▶ [Items from a data source]:
++++++++++

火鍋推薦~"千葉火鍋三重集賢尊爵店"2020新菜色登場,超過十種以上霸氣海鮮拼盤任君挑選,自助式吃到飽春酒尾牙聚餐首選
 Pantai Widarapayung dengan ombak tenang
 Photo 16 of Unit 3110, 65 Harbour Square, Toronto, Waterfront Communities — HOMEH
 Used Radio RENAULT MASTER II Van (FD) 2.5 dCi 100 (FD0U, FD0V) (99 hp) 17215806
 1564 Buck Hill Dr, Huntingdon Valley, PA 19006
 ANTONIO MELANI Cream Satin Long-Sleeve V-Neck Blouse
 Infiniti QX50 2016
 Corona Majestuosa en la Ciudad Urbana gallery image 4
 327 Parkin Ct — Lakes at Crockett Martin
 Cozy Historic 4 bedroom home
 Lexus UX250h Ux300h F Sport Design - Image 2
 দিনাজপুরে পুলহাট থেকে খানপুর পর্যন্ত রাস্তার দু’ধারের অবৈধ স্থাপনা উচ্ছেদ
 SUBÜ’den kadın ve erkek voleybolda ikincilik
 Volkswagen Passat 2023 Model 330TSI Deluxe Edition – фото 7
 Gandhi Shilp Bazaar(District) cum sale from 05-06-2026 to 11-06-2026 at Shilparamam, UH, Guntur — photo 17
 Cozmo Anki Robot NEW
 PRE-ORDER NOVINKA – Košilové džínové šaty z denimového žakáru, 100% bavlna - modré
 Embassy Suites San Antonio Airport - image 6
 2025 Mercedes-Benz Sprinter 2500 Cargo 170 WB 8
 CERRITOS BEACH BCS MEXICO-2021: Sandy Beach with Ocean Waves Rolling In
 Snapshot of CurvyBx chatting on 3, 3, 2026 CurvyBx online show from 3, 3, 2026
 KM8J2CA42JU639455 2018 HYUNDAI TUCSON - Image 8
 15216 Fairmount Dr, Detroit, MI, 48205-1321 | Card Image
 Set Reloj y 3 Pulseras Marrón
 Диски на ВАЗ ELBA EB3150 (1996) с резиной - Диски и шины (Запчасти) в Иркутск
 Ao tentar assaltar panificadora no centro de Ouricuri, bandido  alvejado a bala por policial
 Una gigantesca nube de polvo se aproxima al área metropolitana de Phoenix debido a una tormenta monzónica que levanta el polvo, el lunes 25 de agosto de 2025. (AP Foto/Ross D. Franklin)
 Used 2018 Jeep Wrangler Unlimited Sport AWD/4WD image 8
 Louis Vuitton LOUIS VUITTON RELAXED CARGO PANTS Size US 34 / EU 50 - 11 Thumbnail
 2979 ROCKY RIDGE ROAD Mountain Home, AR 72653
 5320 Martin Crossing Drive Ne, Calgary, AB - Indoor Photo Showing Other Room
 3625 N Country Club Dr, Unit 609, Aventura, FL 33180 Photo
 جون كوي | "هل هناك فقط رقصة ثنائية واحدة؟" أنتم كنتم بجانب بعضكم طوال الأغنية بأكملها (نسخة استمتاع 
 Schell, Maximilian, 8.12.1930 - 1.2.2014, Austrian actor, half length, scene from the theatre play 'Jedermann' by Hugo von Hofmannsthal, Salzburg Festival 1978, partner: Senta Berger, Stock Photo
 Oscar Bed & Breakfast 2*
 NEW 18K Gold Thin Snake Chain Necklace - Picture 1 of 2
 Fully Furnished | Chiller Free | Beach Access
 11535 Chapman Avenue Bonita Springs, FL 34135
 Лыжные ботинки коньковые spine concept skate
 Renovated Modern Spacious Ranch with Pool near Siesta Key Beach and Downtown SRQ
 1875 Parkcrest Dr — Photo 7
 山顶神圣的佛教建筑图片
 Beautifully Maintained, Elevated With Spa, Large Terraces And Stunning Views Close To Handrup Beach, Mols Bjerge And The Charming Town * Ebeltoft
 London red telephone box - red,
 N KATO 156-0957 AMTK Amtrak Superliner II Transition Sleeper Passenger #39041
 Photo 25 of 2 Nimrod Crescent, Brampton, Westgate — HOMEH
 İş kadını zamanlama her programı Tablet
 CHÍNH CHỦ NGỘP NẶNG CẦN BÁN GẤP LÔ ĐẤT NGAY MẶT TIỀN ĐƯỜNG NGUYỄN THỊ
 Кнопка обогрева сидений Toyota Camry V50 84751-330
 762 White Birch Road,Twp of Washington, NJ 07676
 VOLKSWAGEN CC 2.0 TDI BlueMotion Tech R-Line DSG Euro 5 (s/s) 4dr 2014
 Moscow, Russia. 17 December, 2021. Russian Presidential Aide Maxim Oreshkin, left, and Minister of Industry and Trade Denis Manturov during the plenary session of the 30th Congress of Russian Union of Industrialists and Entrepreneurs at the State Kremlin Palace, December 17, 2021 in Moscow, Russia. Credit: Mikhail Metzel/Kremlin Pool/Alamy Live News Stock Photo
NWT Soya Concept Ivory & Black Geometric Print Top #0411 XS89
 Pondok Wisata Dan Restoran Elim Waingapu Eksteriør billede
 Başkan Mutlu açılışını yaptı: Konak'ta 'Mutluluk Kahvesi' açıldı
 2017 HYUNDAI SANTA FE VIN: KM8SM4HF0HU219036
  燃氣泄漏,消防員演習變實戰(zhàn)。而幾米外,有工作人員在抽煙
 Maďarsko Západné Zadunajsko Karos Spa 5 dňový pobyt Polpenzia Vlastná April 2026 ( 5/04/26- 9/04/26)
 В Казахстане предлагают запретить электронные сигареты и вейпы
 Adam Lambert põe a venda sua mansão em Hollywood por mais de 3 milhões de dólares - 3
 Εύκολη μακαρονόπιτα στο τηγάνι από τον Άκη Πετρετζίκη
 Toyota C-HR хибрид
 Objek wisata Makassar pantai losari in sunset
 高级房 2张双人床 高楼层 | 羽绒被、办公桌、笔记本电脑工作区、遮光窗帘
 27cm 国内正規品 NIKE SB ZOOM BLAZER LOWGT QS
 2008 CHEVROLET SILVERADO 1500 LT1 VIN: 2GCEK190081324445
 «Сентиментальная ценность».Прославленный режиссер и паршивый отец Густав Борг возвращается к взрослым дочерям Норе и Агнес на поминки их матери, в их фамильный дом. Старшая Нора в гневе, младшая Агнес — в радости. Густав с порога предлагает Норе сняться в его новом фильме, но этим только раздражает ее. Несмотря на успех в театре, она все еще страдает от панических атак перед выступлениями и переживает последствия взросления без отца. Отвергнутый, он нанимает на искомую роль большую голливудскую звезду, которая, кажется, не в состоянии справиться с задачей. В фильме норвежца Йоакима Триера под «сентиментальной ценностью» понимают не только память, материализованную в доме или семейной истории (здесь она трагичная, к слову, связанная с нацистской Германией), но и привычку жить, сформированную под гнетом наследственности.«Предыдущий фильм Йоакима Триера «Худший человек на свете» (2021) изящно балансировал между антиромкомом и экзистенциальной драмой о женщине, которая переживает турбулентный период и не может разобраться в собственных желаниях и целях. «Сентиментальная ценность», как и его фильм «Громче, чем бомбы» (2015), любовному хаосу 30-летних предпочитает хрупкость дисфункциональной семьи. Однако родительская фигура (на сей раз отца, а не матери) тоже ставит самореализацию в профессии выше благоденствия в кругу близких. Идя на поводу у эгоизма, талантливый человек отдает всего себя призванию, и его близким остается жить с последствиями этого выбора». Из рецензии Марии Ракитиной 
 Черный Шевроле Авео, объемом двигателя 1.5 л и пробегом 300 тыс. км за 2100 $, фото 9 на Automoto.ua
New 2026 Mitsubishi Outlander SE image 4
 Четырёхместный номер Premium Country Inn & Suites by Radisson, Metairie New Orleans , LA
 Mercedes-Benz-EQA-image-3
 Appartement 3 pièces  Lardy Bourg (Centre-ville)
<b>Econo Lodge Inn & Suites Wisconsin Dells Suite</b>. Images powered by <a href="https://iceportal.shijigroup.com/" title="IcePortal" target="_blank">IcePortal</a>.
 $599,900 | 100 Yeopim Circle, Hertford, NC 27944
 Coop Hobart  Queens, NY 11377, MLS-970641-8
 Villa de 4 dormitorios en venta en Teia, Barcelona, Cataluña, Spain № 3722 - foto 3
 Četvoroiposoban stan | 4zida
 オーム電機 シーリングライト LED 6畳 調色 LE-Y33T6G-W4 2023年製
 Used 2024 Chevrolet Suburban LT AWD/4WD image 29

++++++++++

▶ [Exercise goal]: The entries above hold a line with "1875 Parkcrest Dr — Photo 7" and a later line with "VOLKSWAGEN CC 2.0". Write out exactly those lines and all lines between, nothing more.

▶ [Task answer]:
 1875 Parkcrest Dr — Photo 7
 山顶神圣的佛教建筑图片
 Beautifully Maintained, Elevated With Spa, Large Terraces And Stunning Views Close To Handrup Beach, Mols Bjerge And The Charming Town * Ebeltoft
 London red telephone box - red,
 N KATO 156-0957 AMTK Amtrak Superliner II Transition Sleeper Passenger #39041
 Photo 25 of 2 Nimrod Crescent, Brampton, Westgate — HOMEH
 İş kadını zamanlama her programı Tablet
 CHÍNH CHỦ NGỘP NẶNG CẦN BÁN GẤP LÔ ĐẤT NGAY MẶT TIỀN ĐƯỜNG NGUYỄN THỊ
 Кнопка обогрева сидений Toyota Camry V50 84751-330
 762 White Birch Road,Twp of Washington, NJ 07676
 VOLKSWAGEN CC 2.0 TDI BlueMotion Tech R-Line DSG Euro 5 (s/s) 4dr 2014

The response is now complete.